Consultation about major workplace change

Perhaps not?

You see all modern awards and enterprise agreements have consultation clauses which provide that, If an employer makes a definite decision to make major changes in production, program, organisation, structure or technology that are likely to have significant effects on employees, the employer has certain obligations. Here is what the Clerks – Private Sector Award 2020 says that the employer must do: 

(a) give notice of the changes to all employees who may be affected by them and their representatives (if any); and

(b) discuss with affected employees and their representatives (if any):

(i) the introduction of the changes; and

(ii) their likely effect on employees; and

(iii) measures to avoid or reduce the adverse effects of the changes on employees; and

(c) commence discussions as soon as practicable after a definite decision has been made.

38.2 For the purposes of the discussion under clause 38.1(b) , the employer must give in writing to the affected employees and their representatives (if any) all relevant information about the changes including:

(a) their nature; and

(b) their expected effect on employees; and

(c) any other matters likely to affect employees.

38.3 Clause 38.2 does not require an employer to disclose any confidential information if its disclosure would be contrary to the employer’s interests.

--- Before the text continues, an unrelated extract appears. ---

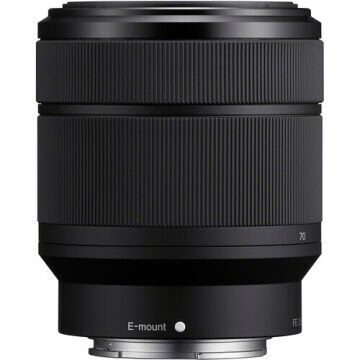 Sony FE 28-70mm f/3.5-5.6 OSS II Lens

38.4 The employer must promptly consider any matters raised by the employees or their representatives about the changes in the course of the discussion under clause  38.1(b) .

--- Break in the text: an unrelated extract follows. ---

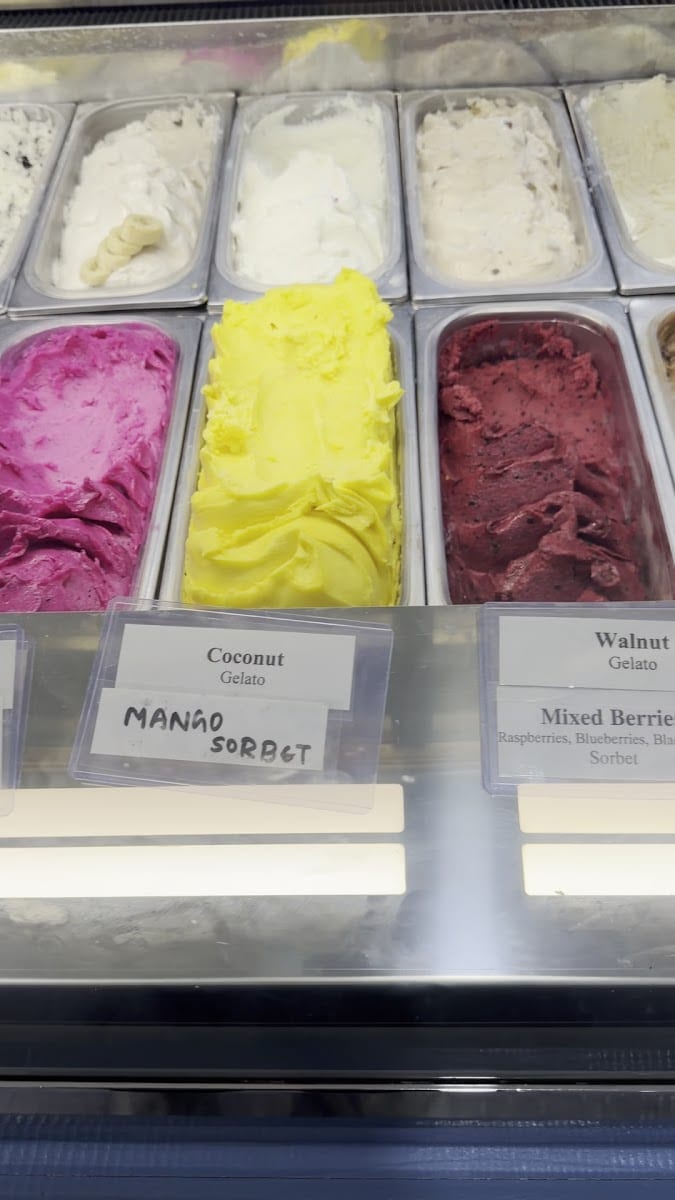 La Copa Loca Gelato Noe Valley, photo 2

38.5 In clause 38 significant effects , on employees, includes any of the following:

(a) termination of employment; or

(b) major changes in the composition, operation or size of the employer’s workforce or in the skills required; or

(c) loss of, or reduction in, job or promotion opportunities; or

(d) loss of, or reduction in, job tenure; or

(e) alteration of hours of work; or

(f) the need for employees to be retrained or transferred to other work or locations; or

(g) job restructuring.

What happens if an employer does not consult or comply with the clause

Because it is a matter that is in the award, it is subject to the disputes settlement procedure in the award and accordingly employees and/or unions could lodge disputes with the Fair Work Commission for conciliation or arbitration of such a dispute.

What it all means

Firstly, let’s be clear, regardless of how you contract them, most employees have award coverage and therefore award consultation provisions will apply to most workers, especially those below executive and professional levels (although some awards cover some of them too).

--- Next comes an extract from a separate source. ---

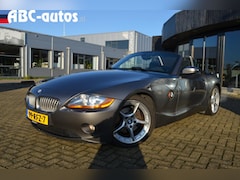 BMW Z4 Roadster - 3.0i S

So, if you are introducing changes with AI that will have an impact on jobs or roles or training or the other elements mentioned in the award clauses, start with what your award obligations say.

Secondly, be proactive and make a sound business case for what you are proposing to do and, if you can, engage your people in the design and change management process.

Thirdly, try to find ways to mitigate the effects for people through retraining, redeployment, redesign of jobs and other creative paths. Maybe there can be a bit of job crafting around life balance for some people. Maybe there is someone who would like to retire but needs some support to do that. It isn’t one size fits all but you do need to be fair.

Fourthly, keep it honest and transparent with frequent and open communication…..with compassion.

Fifthly, make it a positive experience for people and find milestones and reasons to celebrate along the way.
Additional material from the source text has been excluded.